US not expected to roll back ethanol mandate

19 Jul, 2008 05:00 AM
The United States Environmental Protection Agency is not expected to roll back the Government's mandated ethanol content in fuels, arguing the corn cost incurred have been worth it.

Speaking at the Cattle Industry Summer Conference in Denver, Colorado, Dan Basse, president of AgResource Consulting Group, said ethanol production "is here to stay".

He based this on a conversation with officials at the EPA, noting that EPA administrator Stephen Johnson is leaning toward not rolling back the ethanol mandate as requested by Texas Governor Rick Perry.

"I don't think you're going to get that (rollback) on July 25," he said, noting that Johnson's position is that the fuel supply that's being produced with ethanol is worth the corn costs that have occurred.

Mr Basse said this will put tremendous pressure on corn prices in the future because it's doubtful enough corn acres can be found and planted in the future.

And corn yields are not moving up off trend line rapidly enough to meet demand for corn.

"I'm reducing usage everywhere except ethanol," he said.

"This will keep corn over $6(/bu.) for years to come," he said.

But with crude oil prices at $US130 per barrel, corn prices will have to reach $8.25-8.50/bu before ethanol producers can't afford to refine the fuel, Basse said.

However, beef cattle and dairy producers attending the conference noted two presentations concerning the impact of ethanol production on industry profitability.

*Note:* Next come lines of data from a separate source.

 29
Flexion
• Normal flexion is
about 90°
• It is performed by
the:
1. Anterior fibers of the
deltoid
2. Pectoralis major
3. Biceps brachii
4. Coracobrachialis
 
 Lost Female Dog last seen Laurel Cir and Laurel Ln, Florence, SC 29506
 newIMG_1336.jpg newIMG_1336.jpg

In the first presentation, Cal Dooley, chief executive officer and president of the Grocery Manufacturers of America, said that corn costs have increased 190pc since 2005, soybean costs have increased 180pc and wheat is up 174pc - increases that he said are among "the most rapid in history".

He also noted that food inflation is up 6pc this year and is projected to increase 7.5pc in 2008, a pace that's twice as fast as that of the general inflation.

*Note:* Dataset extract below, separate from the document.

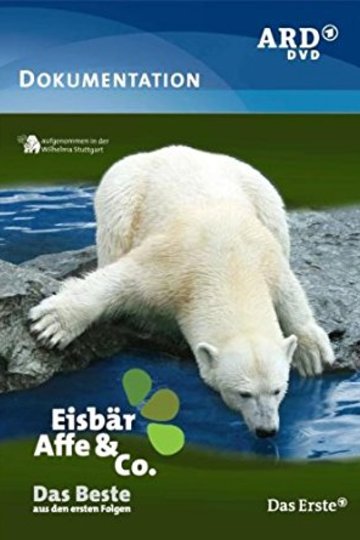 Poster Eisbär, Affe und Co.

Mr Dooley emphasised that the culprit "is not just ethanol" but includes a growing population around the world - with a growing middle class and an unprecedented demand for US commodities - energy, extreme weather and the weak US dollar.

However, he then went on to cite sources that have put as much as 75pc of the increases in feed and food prices on the US "food-to-fuel policy".

He said Congress needs to "restore" a market-oriented biofuels policy, including reducing and reforming the blender's tax credit and tariff on imported ethanol and restructure the ethanol mandate schedule.

He also called for investments in second-generation biofuels technologies.

The current ethanol situation has drummed up food prices and has had an adverse affect on anti-hunger work, he said, adding how it has just minimal environmental benefits and won't significantly change dependence on foreign oil.

"It's time to turn the page" on the food-to-fuel policy, Dooley said.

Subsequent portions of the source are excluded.